Food for thought that world eateries offer
Feb 24 2011
An elegant middle-aged lady busy serving customers, turned out to be the owner of the place. The attractive young woman taking our order was her daughter. Two young men completed the full complement of the restaurant’s staff.
Catch the owners of any of our restaurants working on the premises like ordinary people! That’s the difference, I suppose, between equal and unequal societies, and the difference between societies in which manual labour is accepted rather than delegated. This is not a complaint; it’s an observation.
A little digression here. Years ago when I was even less knowledgeable about the finer points of cuisine than I am now, an English friend of mine took me to a Michelin star restaurant in London. This was small, really small, and the décor was minimal. It was owned by a French couple, the husband being the chef, the wife being everything else. “Order that,” my friend told me, pointing to a particular kind of steak on the menu. “It’s the specialty here.” I did as I was told; my ‘knowledgeable’ choice brought a smile of satisfaction to the lady of the house as she took my order. The smile went out like a light at my answer to her next question which was “How would you like it done?” After that it was Bang! when she plonked the mustard jar on the table with some force. Bang! when she hit our table with the salt and pepper shakers. Bang! when she thudded our plates on the table. “What did I say?” I asked my friend, “She seems really mad at me.” “She is,” he replied, “You asked for the steak to be well done.”
That wasn’t going to happen at this Paris restaurant, that’s for sure. For one thing, I wasn’t going to order steak. For another, the restaurant was run by Italians, not French head bangers.
Another observation is that our restaurants feed a lot of people. I don’t mean the obvious, that is, customers eating their fill; by feeding a lot of people I mean the large number of people each restaurant employs. Take a look at a place like Trishna, Mumbai’s most popular seafood eatery. It’s always crowded, the seating space is not for those with bulging tummies, and it’s even more cramped because of the number of serving staff crowding its narrow passages.
There are waiters and waiters and there are ‘captains’ and ‘captains’, several men whose only job is to take an order, convey it to the kitchen, then wait for the table to be free so they can take the next order. Since there are likely to be a maximum of three sittings in an evening, these men are obviously paid to do very little, seemingly only to hang around in their black coats.
Sure, it’s great for generation of employment, but does it make financial sense? You see the same principle at work in any shopping outlet, whether it’s an old-fashioned mom-and-pop grocery shop, or a more modern store selling the latest electronic goods. To give you an example, I am always staggered by the number of sales people at Croma: howsoever crowded it is with customers, the girls and boys behind the counter always outnumber them. The principle obviously at work here is that customers should not have to wait.

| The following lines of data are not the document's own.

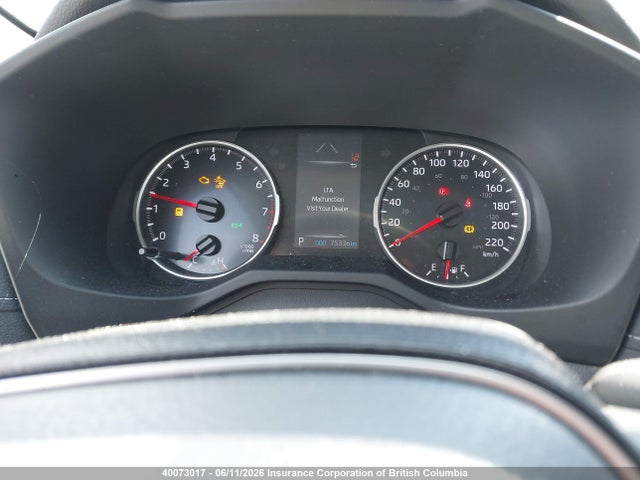 Aukcja sprzedaży 2021 Toyota Rav4, vin: 2T3R1RFV1MW240073, numer aukcji: 40073017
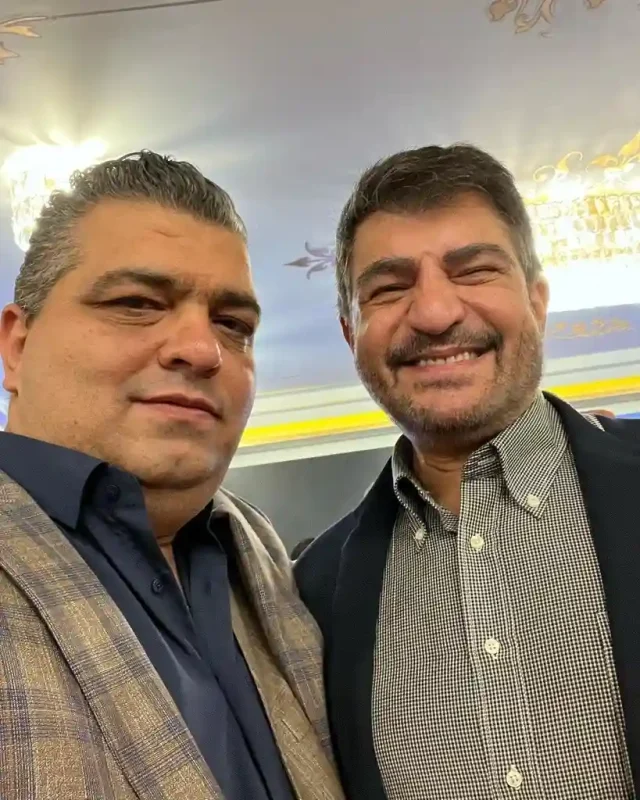 خبر روز | تغییر چهره «محمود شهریاری» مجری تلویزیون بعد 40 سال در 65 سالگی محمود1 2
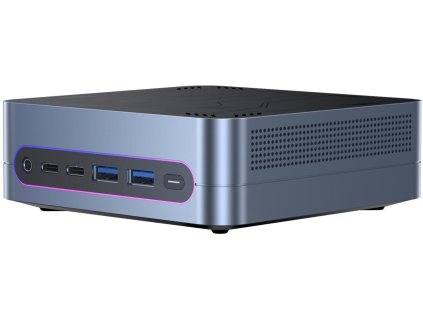 Chuwi LarkBox-S-P Intel® i3-1220P 16 GB DDR4-SDRAM 512 GB SSD Windows 11 Pro Mini PC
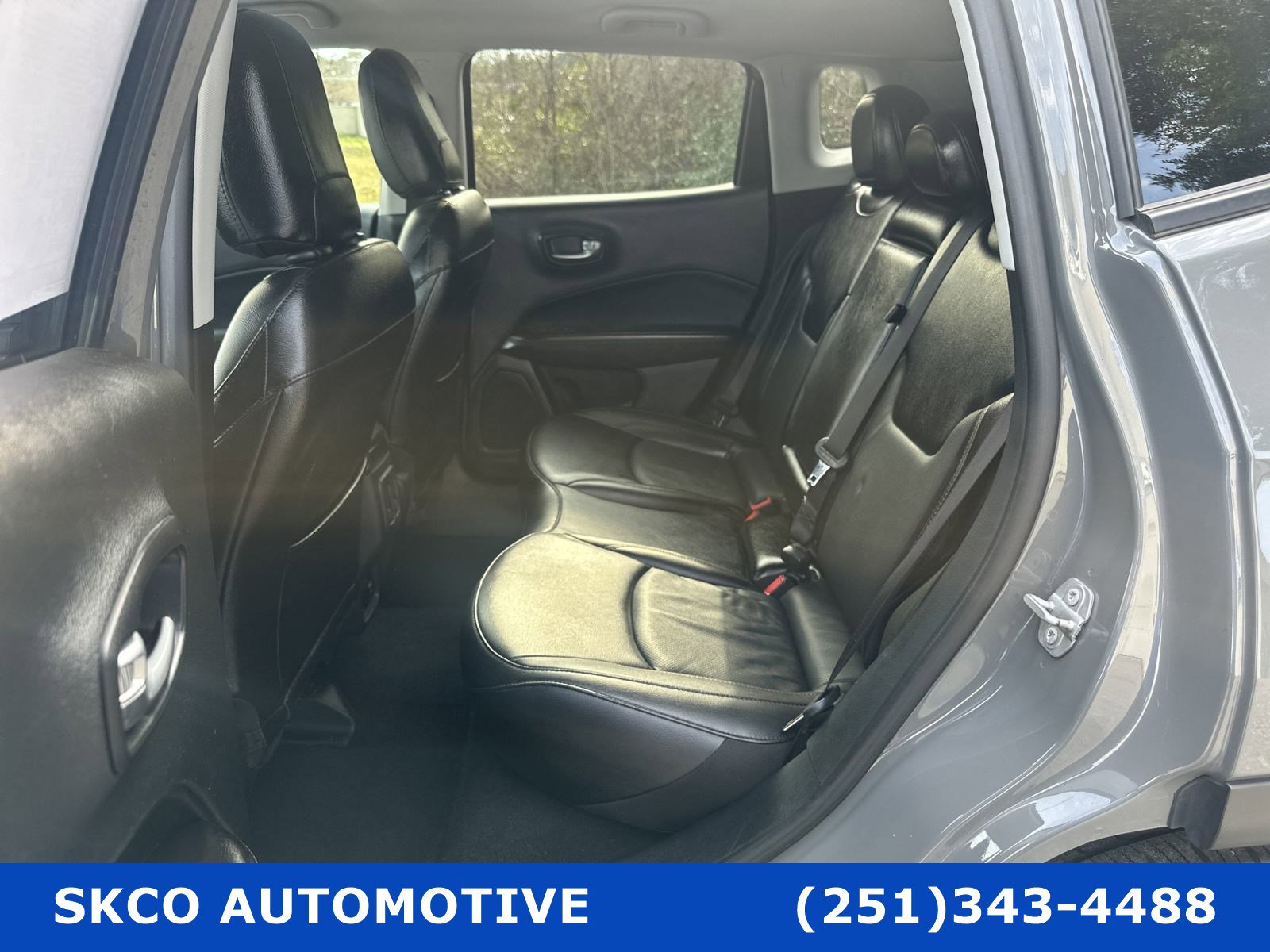Used 2021 Jeep Compass Limited FWD image 14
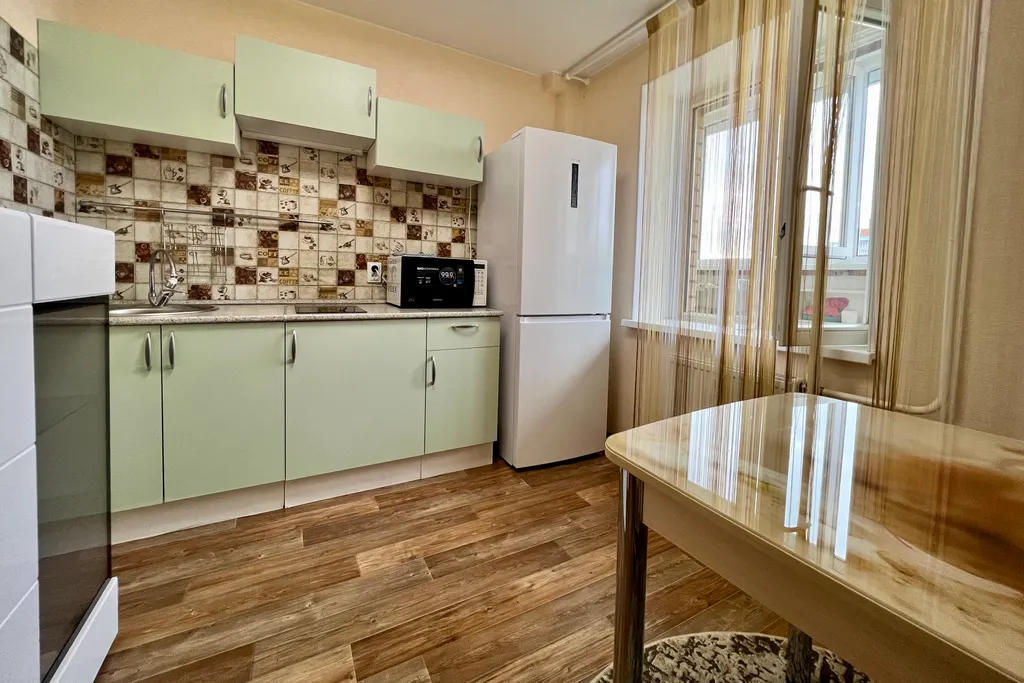 Апартаменты на Первомайской у ДК Химиков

Which leads me to another observation: urbanisation makes people — especially if they are Indian — impatient. In villages, everyone is perpetually waiting: for the bus, for their turn at the well, or on the khatiya waiting for nothing in particular. In towns, on the other hand, we refuse to wait for anything: whether it’s at a shop, or at a traffic light, or to cross the road…everyone seems to be in a blind rush to get there first. Get where? Quite often nowhere in
particular. But that’s immaterial.
We obviously need to get to nowhere before anyone else.